Play Video This factor could help push stocks back into rally mode
The man who called the latest sell-off believes earnings hold the key to saving the year's historic rally.
According to Ned Davis Research's Ed Clissold, the market is going through a panic reaction due to a change in the Federal Reserve's posture on interest rates.
Yet he also believes the damage will ultimately be contained by strong quarterly earnings and guidance.
"Currently, expectations are for 12 percent S&P 500 operating EPS [earnings per share] growth for 2019. That's down from 26 percent this year. If we end up around 12 percent, I think the market will be just fine," Clissold, the firm's chief U.S. strategist, said on CNBC's "Futures Now" last week.
He added: "We still think we can get a year-end rally once we get through this weakness here."
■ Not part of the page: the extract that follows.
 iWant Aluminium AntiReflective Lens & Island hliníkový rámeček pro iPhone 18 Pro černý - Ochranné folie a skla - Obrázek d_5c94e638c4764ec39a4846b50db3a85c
His thoughts came Thursday as the major stock market indexes fell sharply. By Friday, the Dow and S&P 500 rebounded, but it wasn't enough to pull the indexes back into positive territory for the week. Both indexes are down more than 4 percent in the last five sessions.
Clissold predicted the markets were vulnerable to a 5 to 10 percent pullback on "Futures Now' about a month ago. He cited seasonal weakness along with geopolitical concerns for the weakness, but contended stocks would recover strongly before year's end.
"Certainly, it's a volatile time," he said, adding that stocks weren't quite out of the woods yet in a special note to CNBC on Friday.
"After such severe selling, there is almost always a retest. We will be watching for signs of a successful retest in the coming days, namely fewer stocks leading to the downside as the popular averages approach or even breach the lows," Clissold wrote.